> [Instructions for the task] Select all lines in the records that include "Edition".

(Entries taken from a collection)

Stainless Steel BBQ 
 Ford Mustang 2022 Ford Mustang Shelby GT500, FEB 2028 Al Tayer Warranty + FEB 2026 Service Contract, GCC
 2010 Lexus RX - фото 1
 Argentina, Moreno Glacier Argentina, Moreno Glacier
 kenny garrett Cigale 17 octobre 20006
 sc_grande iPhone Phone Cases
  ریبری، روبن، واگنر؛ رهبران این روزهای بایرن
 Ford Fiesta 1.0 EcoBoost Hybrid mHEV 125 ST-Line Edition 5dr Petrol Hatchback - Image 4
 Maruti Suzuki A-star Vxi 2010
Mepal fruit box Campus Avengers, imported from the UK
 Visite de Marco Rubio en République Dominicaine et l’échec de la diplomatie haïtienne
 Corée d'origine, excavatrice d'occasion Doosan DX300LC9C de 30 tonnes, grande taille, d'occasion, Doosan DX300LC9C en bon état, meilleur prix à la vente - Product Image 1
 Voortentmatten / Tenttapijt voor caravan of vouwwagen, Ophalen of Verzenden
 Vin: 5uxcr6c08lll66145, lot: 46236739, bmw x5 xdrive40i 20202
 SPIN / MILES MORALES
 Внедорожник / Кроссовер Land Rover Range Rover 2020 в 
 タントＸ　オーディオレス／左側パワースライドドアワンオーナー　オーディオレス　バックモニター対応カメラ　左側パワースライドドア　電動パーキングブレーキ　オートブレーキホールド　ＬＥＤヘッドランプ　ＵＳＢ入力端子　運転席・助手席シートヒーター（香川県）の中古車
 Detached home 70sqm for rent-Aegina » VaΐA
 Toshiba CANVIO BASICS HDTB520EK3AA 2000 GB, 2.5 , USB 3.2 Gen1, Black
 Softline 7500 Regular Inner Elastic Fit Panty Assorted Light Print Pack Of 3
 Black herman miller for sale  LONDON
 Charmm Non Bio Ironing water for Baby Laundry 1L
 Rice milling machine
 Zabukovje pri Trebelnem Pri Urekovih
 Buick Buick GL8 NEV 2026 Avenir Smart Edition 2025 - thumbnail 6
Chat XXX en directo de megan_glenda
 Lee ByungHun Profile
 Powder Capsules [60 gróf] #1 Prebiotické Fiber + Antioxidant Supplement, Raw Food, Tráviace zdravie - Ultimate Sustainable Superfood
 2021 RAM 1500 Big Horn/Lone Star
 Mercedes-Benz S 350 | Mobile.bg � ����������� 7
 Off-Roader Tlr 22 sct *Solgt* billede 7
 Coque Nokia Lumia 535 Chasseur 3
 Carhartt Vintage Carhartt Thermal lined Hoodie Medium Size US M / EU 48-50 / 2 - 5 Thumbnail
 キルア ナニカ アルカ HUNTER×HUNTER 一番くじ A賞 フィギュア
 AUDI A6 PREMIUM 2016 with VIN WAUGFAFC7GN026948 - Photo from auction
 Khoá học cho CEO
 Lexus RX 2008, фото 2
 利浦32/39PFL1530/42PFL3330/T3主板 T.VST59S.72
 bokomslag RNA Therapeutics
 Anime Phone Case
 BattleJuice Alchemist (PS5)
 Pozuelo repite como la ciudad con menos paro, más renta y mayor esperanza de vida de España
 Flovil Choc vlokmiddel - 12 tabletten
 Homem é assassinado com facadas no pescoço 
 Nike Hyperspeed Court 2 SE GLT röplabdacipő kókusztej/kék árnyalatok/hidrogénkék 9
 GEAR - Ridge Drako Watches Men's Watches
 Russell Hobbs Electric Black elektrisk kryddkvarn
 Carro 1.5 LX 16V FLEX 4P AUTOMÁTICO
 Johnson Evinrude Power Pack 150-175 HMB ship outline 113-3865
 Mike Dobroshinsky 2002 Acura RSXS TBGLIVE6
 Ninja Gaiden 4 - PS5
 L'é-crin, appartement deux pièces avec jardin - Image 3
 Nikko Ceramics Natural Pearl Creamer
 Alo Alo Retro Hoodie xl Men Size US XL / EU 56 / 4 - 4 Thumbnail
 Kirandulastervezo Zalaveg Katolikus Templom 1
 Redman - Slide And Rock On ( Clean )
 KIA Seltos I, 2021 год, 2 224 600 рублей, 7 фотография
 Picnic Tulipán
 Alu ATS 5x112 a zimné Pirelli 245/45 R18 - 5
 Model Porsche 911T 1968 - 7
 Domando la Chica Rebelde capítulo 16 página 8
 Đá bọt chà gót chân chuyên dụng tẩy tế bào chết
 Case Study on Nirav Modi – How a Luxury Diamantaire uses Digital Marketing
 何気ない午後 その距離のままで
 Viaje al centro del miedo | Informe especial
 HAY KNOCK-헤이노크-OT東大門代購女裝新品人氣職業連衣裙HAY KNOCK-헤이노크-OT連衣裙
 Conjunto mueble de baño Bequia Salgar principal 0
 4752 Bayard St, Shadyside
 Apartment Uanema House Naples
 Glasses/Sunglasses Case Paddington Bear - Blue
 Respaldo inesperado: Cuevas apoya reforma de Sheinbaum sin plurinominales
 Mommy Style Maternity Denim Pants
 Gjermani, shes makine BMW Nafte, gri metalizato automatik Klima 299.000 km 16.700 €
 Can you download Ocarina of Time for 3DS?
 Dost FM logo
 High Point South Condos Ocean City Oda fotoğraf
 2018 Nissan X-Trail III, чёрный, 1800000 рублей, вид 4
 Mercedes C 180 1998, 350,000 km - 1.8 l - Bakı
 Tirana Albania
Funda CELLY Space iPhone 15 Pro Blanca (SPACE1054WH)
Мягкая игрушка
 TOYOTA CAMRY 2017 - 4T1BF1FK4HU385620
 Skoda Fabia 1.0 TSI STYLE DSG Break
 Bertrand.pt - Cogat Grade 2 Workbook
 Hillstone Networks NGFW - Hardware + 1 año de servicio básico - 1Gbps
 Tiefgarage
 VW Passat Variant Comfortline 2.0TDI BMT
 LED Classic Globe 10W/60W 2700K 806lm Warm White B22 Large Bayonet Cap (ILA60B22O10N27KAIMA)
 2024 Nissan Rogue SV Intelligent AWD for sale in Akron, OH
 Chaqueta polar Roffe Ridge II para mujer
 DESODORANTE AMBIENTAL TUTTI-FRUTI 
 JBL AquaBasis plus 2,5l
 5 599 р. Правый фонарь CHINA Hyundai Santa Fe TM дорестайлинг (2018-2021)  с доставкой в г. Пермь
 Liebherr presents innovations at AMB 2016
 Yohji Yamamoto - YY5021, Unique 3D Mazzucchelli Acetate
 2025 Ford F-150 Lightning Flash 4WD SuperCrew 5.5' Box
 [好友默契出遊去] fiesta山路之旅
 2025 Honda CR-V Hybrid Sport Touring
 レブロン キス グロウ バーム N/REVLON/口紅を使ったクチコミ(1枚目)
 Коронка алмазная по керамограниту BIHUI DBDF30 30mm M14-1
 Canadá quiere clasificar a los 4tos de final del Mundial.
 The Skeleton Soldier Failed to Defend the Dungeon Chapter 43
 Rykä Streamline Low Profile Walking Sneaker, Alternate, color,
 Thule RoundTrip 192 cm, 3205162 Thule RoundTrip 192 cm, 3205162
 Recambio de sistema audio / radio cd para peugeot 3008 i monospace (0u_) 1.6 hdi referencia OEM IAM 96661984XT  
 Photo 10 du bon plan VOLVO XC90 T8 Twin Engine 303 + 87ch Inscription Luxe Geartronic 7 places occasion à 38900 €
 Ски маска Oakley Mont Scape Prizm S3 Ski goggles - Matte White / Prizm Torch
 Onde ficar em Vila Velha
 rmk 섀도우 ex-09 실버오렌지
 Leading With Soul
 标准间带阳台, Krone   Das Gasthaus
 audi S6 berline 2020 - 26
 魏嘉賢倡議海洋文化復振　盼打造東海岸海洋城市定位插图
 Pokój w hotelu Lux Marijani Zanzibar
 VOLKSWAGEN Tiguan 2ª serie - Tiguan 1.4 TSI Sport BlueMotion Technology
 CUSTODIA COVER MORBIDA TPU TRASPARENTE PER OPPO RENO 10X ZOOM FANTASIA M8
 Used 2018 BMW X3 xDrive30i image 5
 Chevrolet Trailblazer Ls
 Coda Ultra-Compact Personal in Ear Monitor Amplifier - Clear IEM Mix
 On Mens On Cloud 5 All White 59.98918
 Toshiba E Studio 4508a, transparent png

> [Task solution]
 Ford Fiesta 1.0 EcoBoost Hybrid mHEV 125 ST-Line Edition 5dr Petrol Hatchback - Image 4
 Buick Buick GL8 NEV 2026 Avenir Smart Edition 2025 - thumbnail 6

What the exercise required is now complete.